Suzuki Factory Team
JGR is the Suzuki factory team for Monster Energy Supercross, fielding seven riders across the 250SX and 450SX classes. While the 250SX class uses a production-based RM-Z250, the 450SX class rules are much more open, allowing a bike that only somewhat resembles the RM-Z450 you can buy.
Buddy Antunez and Jeremy Albrecht
Jeremy Albrecht (right), Team Manager, and Buddy Antunez (left) showed us around the well-equipped JGR trailer. In contrast to the "no cameras" policy of some racing teams, there were no secrets here. They gave us full access to their facility and answered all of our questions.
Organization Is Key
Knowing where all your parts and tools are is critical to the success of any garage. That goes double if you are limited on space as you are in a mobile operation such as this. JGR has this down to a science, with pretty much any spare part you can imagine stored in neat particular order. This makes it easy for technicians to quickly find any part they need to change setups or repair bikes in between races.
Among the parts able to be changed quickly are sprockets. While these are unlikely to get damaged during a race, riders may not find the engine's powerband to be precisely where they want it for the peculiarities of a particular track. Easily accessible sprockets allow the bike's gearing to be changed and optimized for each track.
Not Clutching At Straws
Different riders may also want a different feel in their clutch engagement. Some prefer a strong, instant response, while others prefer a more gradual engagement to provide a wider friction zone. Clutch disks with different amounts of friction material are available to customize each bike's clutch feel to exactly what its rider wants.
Flywheel Weighing You Down?
There is an entire drawer full of different weight flywheels, again for adjusting the bike's performance to the rider's preference. Lighter flywheels can make the engine more responsive to inputs, but allow revs to drop quickly between shifts and make clutch control more difficult. A heavier flywheel makes it easier for the engine to maintain its speed at the expense of responsiveness. All options are available here to give the rider the best performance for each situation.
Forks and Springs
Customization options are not limited to the engine, either. Extra forks with many different weight springs are available. These finely tune the suspension to each rider's weight, as well as provide the performance characteristics they are looking for on each particular track.
Similarly, different rear shocks are available for the same reason. While the 250MX class requires the use of off-the-shelf components, the 450MX class allows full customization, such as this billet shock with a remote reservoir.
There's Space For People, Too
Of course, the trailer isn't just for parts. Crew and riders can come in to watch the race, grab a coffee or a snack, analyze data collected during testing, or simply relax.
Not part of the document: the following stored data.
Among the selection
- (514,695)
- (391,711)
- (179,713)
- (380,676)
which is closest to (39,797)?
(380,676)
While the trailer is generally neat and tidy, there are signs of it being lived in, such as racer Justin Hill's helmet casually sitting on a counter.
Rest And Relaxation
The trailer has a second floor dedicated to giving riders a place to kick off their boots. The ceiling is extremely low, but once seated on the leather couches it's quite comfortable and just big enough to stretch out, analyze their performance in the last race, or simply watch TV and relax. These guys work hard and deserve a break once in a while.